Reply to comment by bigbossStrife in [D] Am I stupid for avoiding high level frameworks? by bigbossStrife

When I saw just how easy to use and test things are with ex. Lightning.

suflaj t1_ixffok6 wrote on November 23, 2022 at 1:03 AM

Reply to [D] Am I stupid for avoiding high level frameworks? by bigbossStrife

I was thinking te same as you for perhaps 3-4 years now and over this last year I have been regretting it. I could've saved so much time if I embraced it at the end. I'll learn how to use them eventually, peobably in the next few months.

suflaj t1_ix4bbi0 wrote on November 20, 2022 at 5:30 PM

Reply to [R] Tips on training Transformers by parabellum630

3. and 4. in your case are probably intertwined, and likely the reason why you are stuck. You should probably keep the learning rate constant for all layers, freeze some at most if you're dealing with a big shift when finetuning.

You should use warmup, a low learning rate (what that entails depends, but since music data is similar to text, that means 1e-6 to 1e-5 maximum learning rate), and increase batch size if you get stuck as training progresses.

Without warmup, your network will not converge.

With a high learning rate, it will likely diverge on a nasty sample, or even have its gradients explode. In practice even when using gradient clipping your network might run in a circle, depending on your samples.

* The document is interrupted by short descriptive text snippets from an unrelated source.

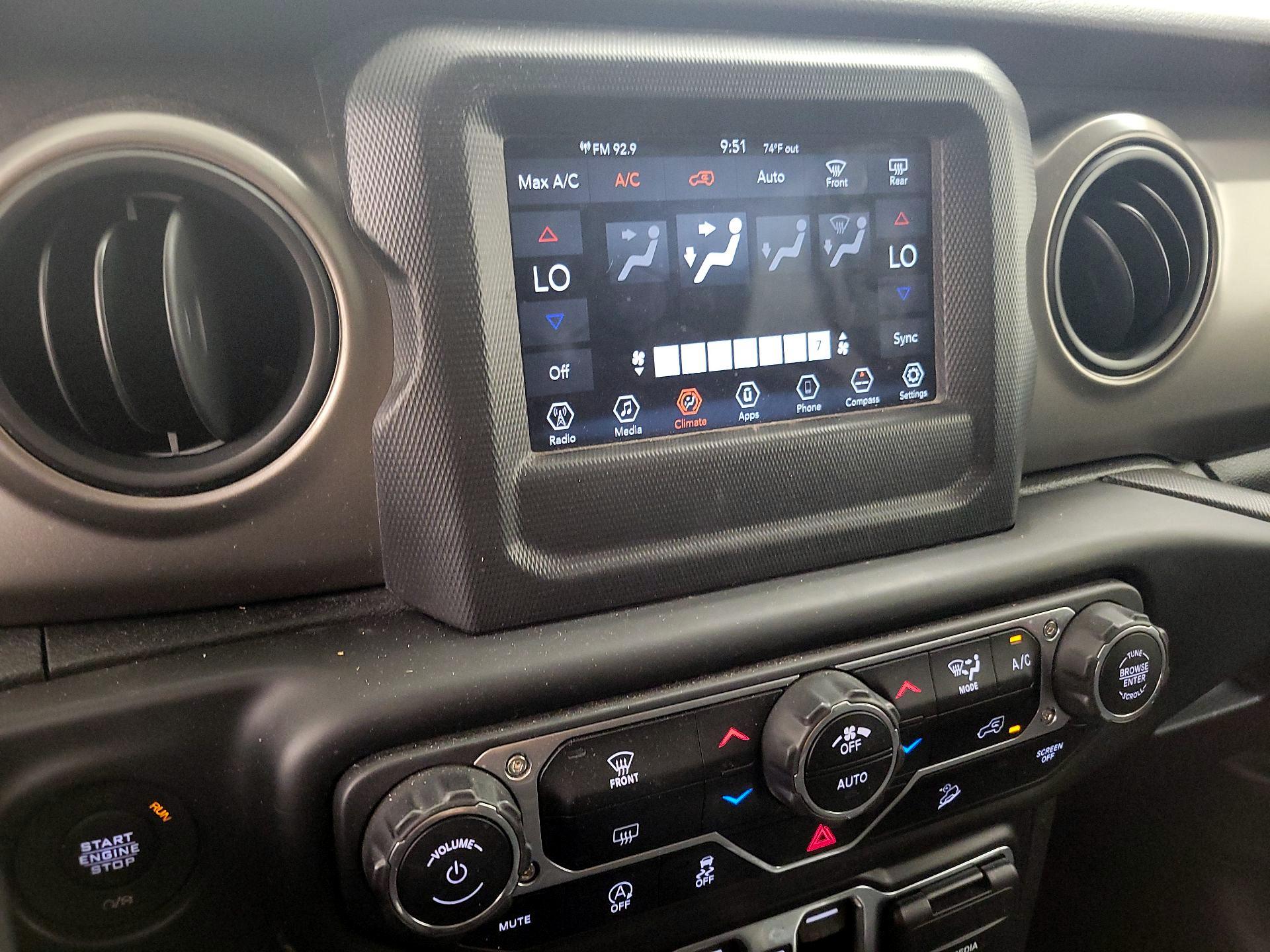 Thumbnail: 2018 Jeep Wrangler - 16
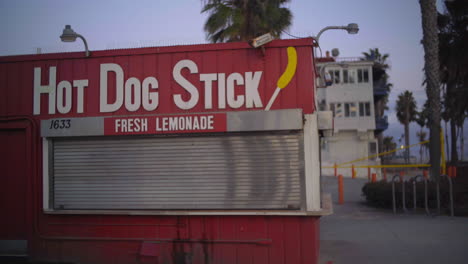 Straßenrestaurant-In-Der-Nähe-Des-Santa-Monica-Beach-Gesperrt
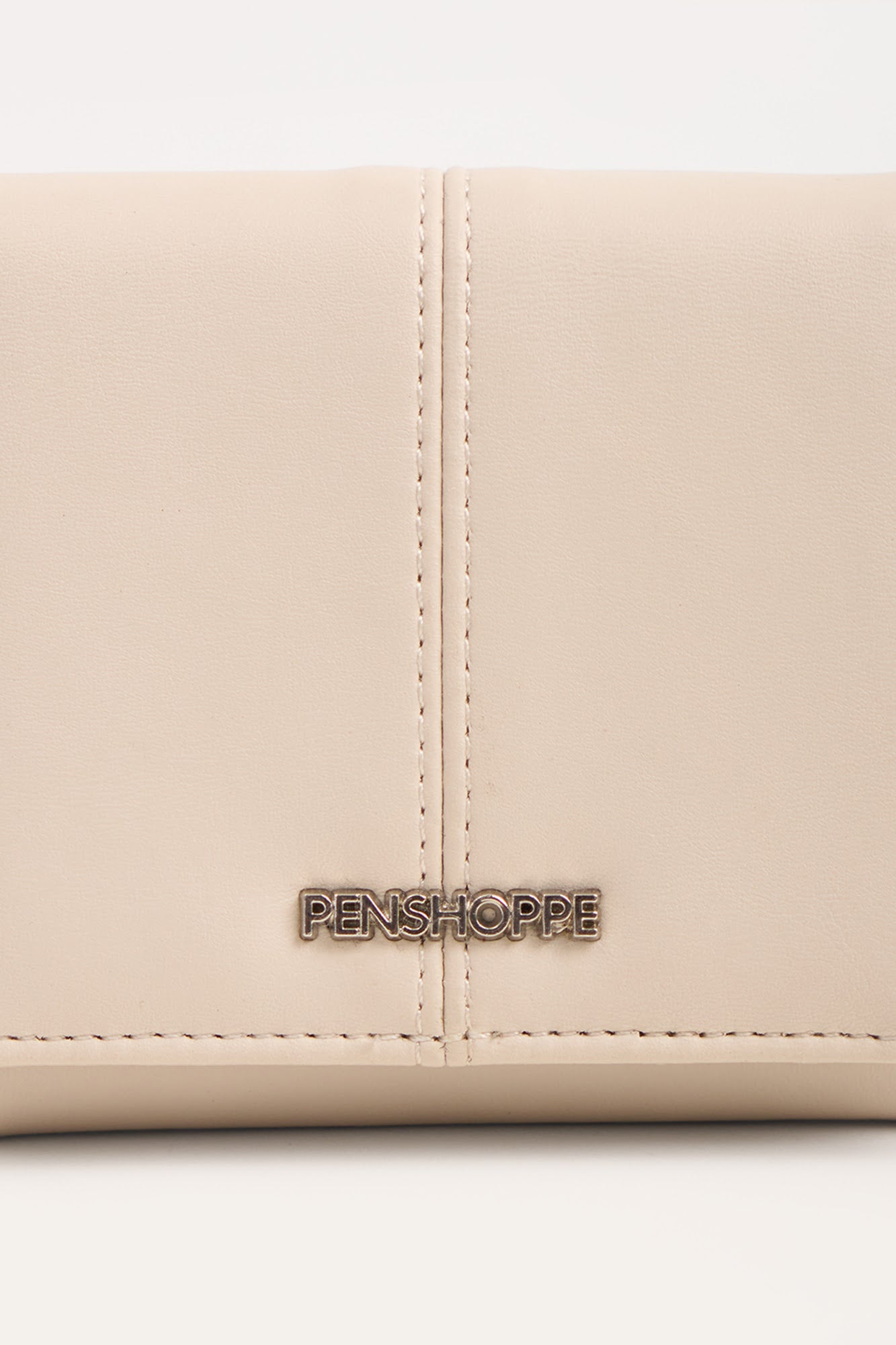 991024-Off White (1).jpg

By lowering the learning rate when stuck it will not generalize well, but increasing the batch size (even if you slightly increase the learning rate while you're at it) seems to fix the problem, you just have to find the right numbers. I work on text, so whenever I doubled the batch size, I increased the learning rate by a factor of square or cube root of 2 to keep the "learning pressure" the same. YMMV.

EDIT: And as other people said make sure you have a large enough datasets. Transformers have almost no inductive biases, meaning that they have to learn them from data. Unless your augmentations are really good, I wouldn't recommend even attempting to train a transformer without at least 100k-1mil unique samples. For the size you're mentioning, the model would ideally like 1-10mil samples for finetuning and 1-10bil for pretraining.

suflaj t1_ix4ab1j wrote on November 20, 2022 at 5:23 PM

Reply to comment by Terib1e in Question, I am a newbie. I have just finished cs50p and currently learning Django. by Terib1e

Yeah, probably the best one

suflaj t1_iwze762 wrote on November 19, 2022 at 3:25 PM

Reply to comment by Terib1e in Question, I am a newbie. I have just finished cs50p and currently learning Django. by Terib1e

Better ask here so everyone can make use of it

suflaj t1_iwyzm03 wrote on November 19, 2022 at 1:18 PM

Reply to comment by Terib1e in Question, I am a newbie. I have just finished cs50p and currently learning Django. by Terib1e

There may be a few papers under a paywall (one that comes to mind is the Differentiable Neural Computer), but those are not that important. Most are free, yes.

suflaj t1_iwyuyyo wrote on November 19, 2022 at 12:26 PM

Reply to Question, I am a newbie. I have just finished cs50p and currently learning Django. by Terib1e

If your goal is to work on those things, you should look into getting a PhD, as you'll need to work at a fairly large company to even have a chance of working on those things, and the competition is fierce, so you need papers and good words for your name to push through.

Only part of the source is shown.